Салуа и Наджат были к его услугам. Я обожала его одного. Они объявились однажды вечером, когда Дрисс полил меня шампанским, решив вылизать с головы до ног и напиться из моего пупка. Я чувствовала приближение оргазма — и тут они позвонили в дверь, чуть подшофе, в праздничных нарядах. Я только успела прикрыться простыней, как гостьи расселись и закурили сигареты. Салуа своем проницательным взглядом разгадала и мою наготу, и досаду. Дрисс даже не потрудился скрыть от них эрекцию.
— Честное слово! Твоя подруга ничего другим не оставляет! А ты не устаешь над ней трудиться! Не хочешь ли поиметь и мою подругу для разнообразия?
Салуа была мне отвратительна, но, как ни странно, ее слова возбуждали. Она говорила, как мужчина. В своем уголке Наджат уже расстегнула лифчик, и Дрисс ждал продолжения, член его нервно подергивался. Раскаленная лава обожгла мне матку.

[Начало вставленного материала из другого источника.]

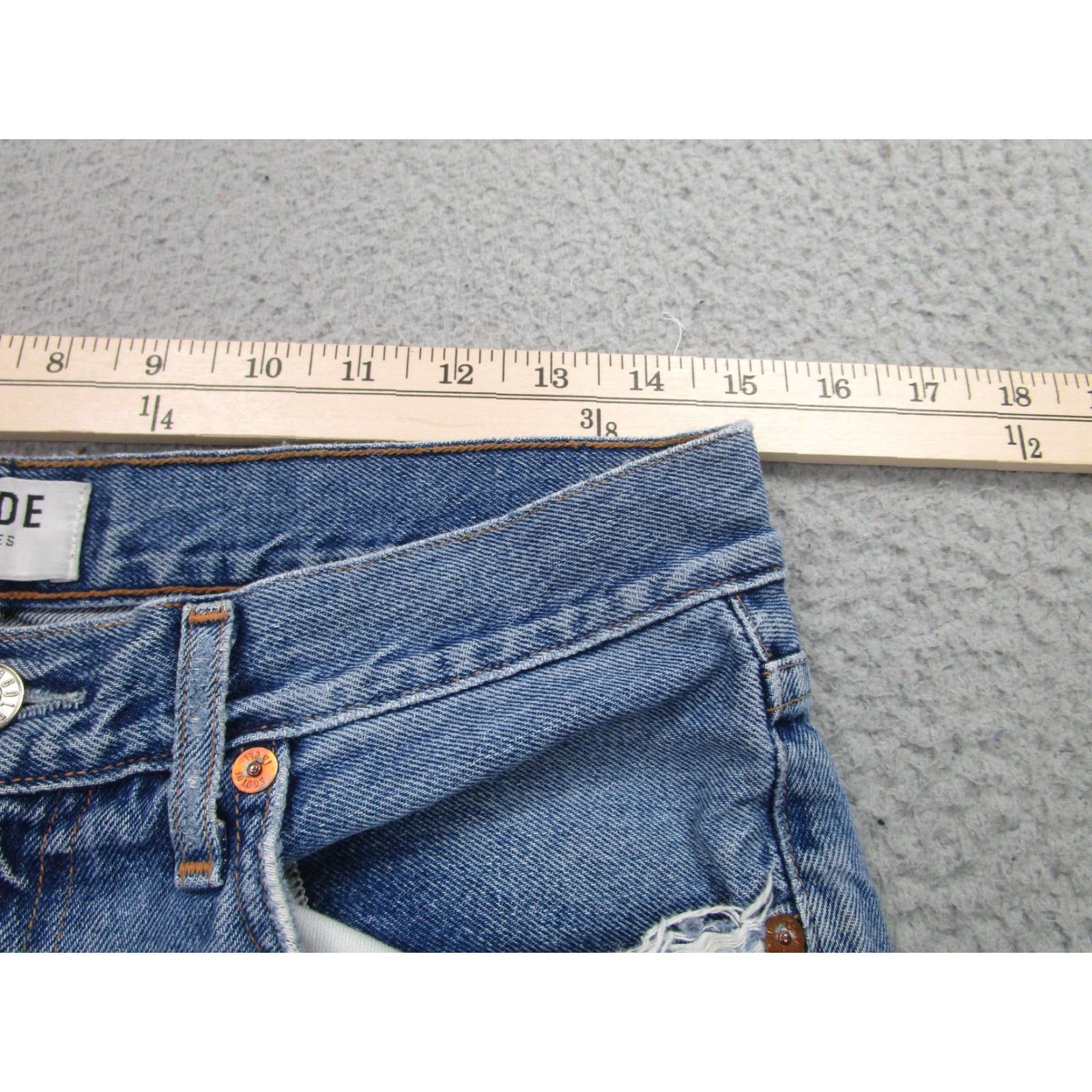 Agolde VINTAGE No — wait, AGOLDE Jeans Womens 27 Distressed Straight Raw Hem Zip Fly Made in USA A076-3775 Size 27" / US 4 / IT 40 - 5 Thumbnail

Я заперлась в ванной. Прежде чем снова одеться, я посмотрела в зеркало. Там я увидела растрепанную женщину с дикими глазами. Стоя перед зеркалом, я взяла клитор двумя пальцами, раненная желанием, и ступила ногой на край ванны, колено другой ноги дрожало от силы ощущений. Клитор, напряженный до боли, пульсировал, как бешено бьющееся сердце. Пальцы мои были клейкими от смазки, пахнущей гвоздикой. Как я ни старалась, я не могла кончить. Перед глазами потемнело, я попыталась высвободить мой клитор, мою единственную гордость, из окружающих его волосков, чтобы посмотреть, на что он способен. Он не был способен ни на что! Он виднелся красный и нелепый, он требовал языка Дрисса, чтобы встать, и его члена, чтобы принести мне блаженство.
Вернувшись в гостиную, я увидела кривоватую улыбку своего мужчины. Как будто он догадался о нужде, заставившей меня выбежать из комнаты, когда за мной летели хриплые смешки. Как будто он знал, что я не получаю никакого удовольствия, если трогаю себя сама. Он жадно целовал губы Наджат, любовницы Салуа, запустив руку между ее бедер. Сама Салуа развалилась на софе. Откинувшись на подушки, она курила с деланной рассеянностью, напуская на себя дрему. Позднее, я узнала, что ее трубка наполнена гашишем, который продавал ей карлик Мефта, швейцар в ее доме.
Я перевернула пластинку Эсмахан «Имта ха таариф имта, инни бахибек инта…» Потрескивание искажало чудный голос ливанско-египетской певицы, рано погибшей в автокатастрофе. Я нарочно села рядом с Салуа, чтобы показать, что не боюсь ее, и выкурила с закрытыми глазами свою третью за вечер сигарету. Я не хотела видеть, как Дрисс дразнит соски Наджат, не хотела знать, что его палец уже проложил путь в потайной уголок. Я вздрогнула, когда ясно услышала, как он сказал: «Ты совсем сухая. Я смочу тебя слюной».
Салуа, не скрываясь, положила свою руку, тяжелую как свинец, ко мне на колено. «Нет», — сказала я, вскочив. Нет, повторяла я, шагая по бульвару Свободы к дому тети Сельмы. Нет, отвечала я своей голове, которая туманно убеждала меня, что любовь никогда не выставляет счетов и не выносит приговоров. Нет, орала я Дриссу, твердившему мне во сне, что это всего лишь игра и он не любит никого, кроме меня. Когда я проснулась, я решила, что Дрисс — это ловушка, и мне надо спастись от него. Я знала, что, если решусь стать могильщиком этой любви, мне придется также нести ее труп, блуждать сорок лет в пустыне, потом признать, побежденной, что мертвое тело, которое я тащу, — на самом деле мой собственный труп.